*What needs to be done*
Take the entries that follow and return exactly the lines from the one holding "Vintage Steampunk Filmo" through the one holding "Sterling-Bright White Diamond", both included. Nothing else is needed.

____

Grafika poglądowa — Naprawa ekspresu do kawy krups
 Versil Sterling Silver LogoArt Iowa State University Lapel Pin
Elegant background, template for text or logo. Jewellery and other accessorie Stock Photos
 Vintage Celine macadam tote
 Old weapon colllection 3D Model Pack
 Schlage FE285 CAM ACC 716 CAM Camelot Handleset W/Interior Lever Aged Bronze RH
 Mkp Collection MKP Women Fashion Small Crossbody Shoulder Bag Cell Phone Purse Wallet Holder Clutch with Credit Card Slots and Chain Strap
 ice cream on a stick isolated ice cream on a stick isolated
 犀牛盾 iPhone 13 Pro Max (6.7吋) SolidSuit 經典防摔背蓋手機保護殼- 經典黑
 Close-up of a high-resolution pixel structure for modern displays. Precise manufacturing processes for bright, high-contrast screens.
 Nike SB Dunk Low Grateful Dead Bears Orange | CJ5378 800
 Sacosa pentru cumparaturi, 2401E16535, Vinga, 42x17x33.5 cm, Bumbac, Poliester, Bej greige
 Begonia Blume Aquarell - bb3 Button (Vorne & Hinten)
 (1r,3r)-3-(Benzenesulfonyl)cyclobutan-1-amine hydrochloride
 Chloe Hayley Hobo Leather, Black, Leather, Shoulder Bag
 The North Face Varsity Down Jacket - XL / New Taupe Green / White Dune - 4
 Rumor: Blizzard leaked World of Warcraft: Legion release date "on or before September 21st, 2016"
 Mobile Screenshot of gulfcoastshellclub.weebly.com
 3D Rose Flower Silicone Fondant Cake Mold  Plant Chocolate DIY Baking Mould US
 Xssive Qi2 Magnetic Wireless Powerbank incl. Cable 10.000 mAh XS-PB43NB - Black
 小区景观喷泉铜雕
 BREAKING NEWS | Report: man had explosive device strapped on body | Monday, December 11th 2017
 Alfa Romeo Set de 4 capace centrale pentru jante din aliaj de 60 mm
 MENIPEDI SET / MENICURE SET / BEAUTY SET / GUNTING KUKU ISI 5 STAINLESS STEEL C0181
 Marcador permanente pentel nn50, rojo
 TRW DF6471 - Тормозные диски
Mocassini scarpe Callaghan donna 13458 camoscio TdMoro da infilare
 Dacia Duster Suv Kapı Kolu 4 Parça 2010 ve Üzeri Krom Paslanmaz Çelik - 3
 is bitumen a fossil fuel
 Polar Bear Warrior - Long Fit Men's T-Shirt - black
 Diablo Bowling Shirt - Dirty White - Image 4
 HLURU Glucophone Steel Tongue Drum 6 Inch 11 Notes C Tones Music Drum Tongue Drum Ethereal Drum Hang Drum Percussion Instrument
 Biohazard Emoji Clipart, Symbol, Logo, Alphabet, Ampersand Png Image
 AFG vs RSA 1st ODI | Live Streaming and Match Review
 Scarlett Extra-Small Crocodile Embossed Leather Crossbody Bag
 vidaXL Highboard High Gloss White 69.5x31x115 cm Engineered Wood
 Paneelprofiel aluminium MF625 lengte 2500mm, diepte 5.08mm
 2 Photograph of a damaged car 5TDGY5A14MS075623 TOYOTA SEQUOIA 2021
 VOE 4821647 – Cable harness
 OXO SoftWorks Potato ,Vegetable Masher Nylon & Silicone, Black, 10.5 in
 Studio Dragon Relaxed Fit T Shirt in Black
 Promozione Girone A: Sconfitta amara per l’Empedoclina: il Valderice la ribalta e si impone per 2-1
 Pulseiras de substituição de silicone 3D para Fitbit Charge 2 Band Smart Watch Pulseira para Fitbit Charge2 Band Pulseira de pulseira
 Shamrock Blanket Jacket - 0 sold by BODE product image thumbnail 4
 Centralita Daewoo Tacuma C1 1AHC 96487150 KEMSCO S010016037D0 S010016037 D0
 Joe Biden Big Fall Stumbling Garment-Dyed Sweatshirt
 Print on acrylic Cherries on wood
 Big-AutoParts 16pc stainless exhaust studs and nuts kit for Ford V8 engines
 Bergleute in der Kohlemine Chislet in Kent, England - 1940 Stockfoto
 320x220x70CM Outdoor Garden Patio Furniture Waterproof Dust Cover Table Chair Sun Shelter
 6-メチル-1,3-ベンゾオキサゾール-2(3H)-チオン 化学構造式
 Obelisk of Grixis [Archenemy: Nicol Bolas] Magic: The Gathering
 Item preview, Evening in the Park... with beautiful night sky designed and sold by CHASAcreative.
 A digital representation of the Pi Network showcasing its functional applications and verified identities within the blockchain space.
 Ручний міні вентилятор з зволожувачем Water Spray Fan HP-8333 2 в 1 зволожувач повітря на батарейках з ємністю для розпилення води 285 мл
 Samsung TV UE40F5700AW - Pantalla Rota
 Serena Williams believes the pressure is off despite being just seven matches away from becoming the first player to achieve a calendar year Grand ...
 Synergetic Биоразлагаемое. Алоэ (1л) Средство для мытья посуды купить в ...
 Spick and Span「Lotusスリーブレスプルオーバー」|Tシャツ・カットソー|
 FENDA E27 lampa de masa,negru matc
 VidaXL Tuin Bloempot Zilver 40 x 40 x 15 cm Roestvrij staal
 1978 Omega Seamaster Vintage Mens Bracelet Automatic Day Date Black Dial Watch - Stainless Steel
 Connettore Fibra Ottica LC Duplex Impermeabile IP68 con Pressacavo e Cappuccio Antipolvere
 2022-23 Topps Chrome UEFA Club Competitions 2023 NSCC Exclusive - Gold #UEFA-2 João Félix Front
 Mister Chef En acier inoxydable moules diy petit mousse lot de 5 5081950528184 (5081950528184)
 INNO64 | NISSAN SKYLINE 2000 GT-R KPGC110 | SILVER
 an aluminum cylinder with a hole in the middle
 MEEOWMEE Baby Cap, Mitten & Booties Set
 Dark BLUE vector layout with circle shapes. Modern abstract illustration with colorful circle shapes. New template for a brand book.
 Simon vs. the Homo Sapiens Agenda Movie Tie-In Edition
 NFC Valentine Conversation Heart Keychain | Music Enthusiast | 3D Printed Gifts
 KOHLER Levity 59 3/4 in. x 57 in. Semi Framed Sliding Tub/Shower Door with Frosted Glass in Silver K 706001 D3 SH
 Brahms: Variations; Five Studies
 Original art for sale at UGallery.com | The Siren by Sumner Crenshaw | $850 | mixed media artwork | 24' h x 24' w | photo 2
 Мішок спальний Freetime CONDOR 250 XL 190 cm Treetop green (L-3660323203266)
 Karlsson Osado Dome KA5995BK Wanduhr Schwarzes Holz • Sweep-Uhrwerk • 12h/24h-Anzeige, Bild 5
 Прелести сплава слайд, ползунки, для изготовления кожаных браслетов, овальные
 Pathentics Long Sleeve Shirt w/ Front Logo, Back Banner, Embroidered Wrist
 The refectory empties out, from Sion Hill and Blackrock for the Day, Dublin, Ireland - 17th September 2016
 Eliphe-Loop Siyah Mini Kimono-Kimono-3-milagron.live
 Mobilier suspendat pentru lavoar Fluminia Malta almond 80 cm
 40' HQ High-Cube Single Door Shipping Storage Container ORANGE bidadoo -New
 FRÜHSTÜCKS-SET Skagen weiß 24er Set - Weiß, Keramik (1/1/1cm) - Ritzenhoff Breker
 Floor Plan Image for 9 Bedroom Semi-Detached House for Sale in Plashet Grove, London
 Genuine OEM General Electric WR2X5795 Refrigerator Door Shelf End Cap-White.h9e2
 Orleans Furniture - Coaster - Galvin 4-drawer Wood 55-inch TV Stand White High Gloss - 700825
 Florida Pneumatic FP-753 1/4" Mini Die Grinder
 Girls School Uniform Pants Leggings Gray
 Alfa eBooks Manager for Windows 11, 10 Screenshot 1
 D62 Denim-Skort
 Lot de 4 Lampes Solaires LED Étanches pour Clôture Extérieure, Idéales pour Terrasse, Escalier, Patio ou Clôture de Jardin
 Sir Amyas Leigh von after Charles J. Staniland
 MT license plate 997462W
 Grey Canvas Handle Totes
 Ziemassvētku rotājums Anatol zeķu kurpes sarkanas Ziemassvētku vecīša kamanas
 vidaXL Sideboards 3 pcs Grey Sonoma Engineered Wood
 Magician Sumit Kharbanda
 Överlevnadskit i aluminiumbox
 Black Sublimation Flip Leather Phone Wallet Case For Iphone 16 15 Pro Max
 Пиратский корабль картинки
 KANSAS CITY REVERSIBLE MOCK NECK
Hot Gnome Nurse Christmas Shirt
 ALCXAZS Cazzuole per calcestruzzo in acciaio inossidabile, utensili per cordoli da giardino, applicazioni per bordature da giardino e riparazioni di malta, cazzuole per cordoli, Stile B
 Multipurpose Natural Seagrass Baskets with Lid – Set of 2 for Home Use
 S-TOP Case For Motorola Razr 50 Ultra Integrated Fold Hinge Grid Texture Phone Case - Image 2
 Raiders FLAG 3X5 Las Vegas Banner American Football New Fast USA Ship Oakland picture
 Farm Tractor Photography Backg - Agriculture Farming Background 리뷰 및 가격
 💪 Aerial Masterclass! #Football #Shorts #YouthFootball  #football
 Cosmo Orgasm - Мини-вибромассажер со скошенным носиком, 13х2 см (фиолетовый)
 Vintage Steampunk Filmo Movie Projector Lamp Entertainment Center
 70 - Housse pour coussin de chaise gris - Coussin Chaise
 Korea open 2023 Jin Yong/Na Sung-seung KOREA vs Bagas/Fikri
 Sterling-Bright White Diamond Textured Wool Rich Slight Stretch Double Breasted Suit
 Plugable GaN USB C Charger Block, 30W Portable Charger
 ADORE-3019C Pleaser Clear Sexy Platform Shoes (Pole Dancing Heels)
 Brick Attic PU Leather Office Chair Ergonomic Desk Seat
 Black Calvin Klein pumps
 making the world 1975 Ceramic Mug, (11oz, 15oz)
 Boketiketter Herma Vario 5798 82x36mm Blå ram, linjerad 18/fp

____

*Written answer*
 Vintage Steampunk Filmo Movie Projector Lamp Entertainment Center
 70 - Housse pour coussin de chaise gris - Coussin Chaise
 Korea open 2023 Jin Yong/Na Sung-seung KOREA vs Bagas/Fikri
 Sterling-Bright White Diamond Textured Wool Rich Slight Stretch Double Breasted Suit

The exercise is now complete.